Caption-style text data
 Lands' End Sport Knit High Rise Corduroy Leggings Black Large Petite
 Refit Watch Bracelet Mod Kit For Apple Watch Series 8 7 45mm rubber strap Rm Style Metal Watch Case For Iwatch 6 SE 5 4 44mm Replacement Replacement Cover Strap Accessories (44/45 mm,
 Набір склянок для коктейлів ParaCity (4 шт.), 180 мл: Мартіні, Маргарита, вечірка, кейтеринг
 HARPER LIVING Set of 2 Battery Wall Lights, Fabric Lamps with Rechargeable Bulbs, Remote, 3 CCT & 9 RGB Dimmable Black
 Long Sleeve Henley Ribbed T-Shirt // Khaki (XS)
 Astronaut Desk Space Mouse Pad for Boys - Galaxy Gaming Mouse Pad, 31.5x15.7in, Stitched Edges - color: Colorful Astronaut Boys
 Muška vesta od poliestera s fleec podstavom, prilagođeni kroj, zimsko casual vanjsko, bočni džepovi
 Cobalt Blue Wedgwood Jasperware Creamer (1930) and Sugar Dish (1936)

==

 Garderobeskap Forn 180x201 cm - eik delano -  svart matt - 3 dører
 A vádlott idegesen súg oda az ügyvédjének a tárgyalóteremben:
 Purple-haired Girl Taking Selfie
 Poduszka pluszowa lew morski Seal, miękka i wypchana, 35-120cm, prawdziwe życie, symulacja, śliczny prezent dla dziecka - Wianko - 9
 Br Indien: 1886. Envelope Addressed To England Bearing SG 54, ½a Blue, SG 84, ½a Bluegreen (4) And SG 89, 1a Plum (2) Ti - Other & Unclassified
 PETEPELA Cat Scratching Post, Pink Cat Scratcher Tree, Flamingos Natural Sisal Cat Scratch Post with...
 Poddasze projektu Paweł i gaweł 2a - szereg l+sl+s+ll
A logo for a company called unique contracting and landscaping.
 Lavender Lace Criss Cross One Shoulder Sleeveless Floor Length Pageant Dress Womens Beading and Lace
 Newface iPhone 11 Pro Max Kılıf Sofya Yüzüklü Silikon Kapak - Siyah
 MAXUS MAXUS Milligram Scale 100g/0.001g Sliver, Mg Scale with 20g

* EXERCISE *
The answer must be every line of the data that contains the word "Black".

* RESPONSE AREA *
 Lands' End Sport Knit High Rise Corduroy Leggings Black Large Petite
 HARPER LIVING Set of 2 Battery Wall Lights, Fabric Lamps with Rechargeable Bulbs, Remote, 3 CCT & 9 RGB Dimmable Black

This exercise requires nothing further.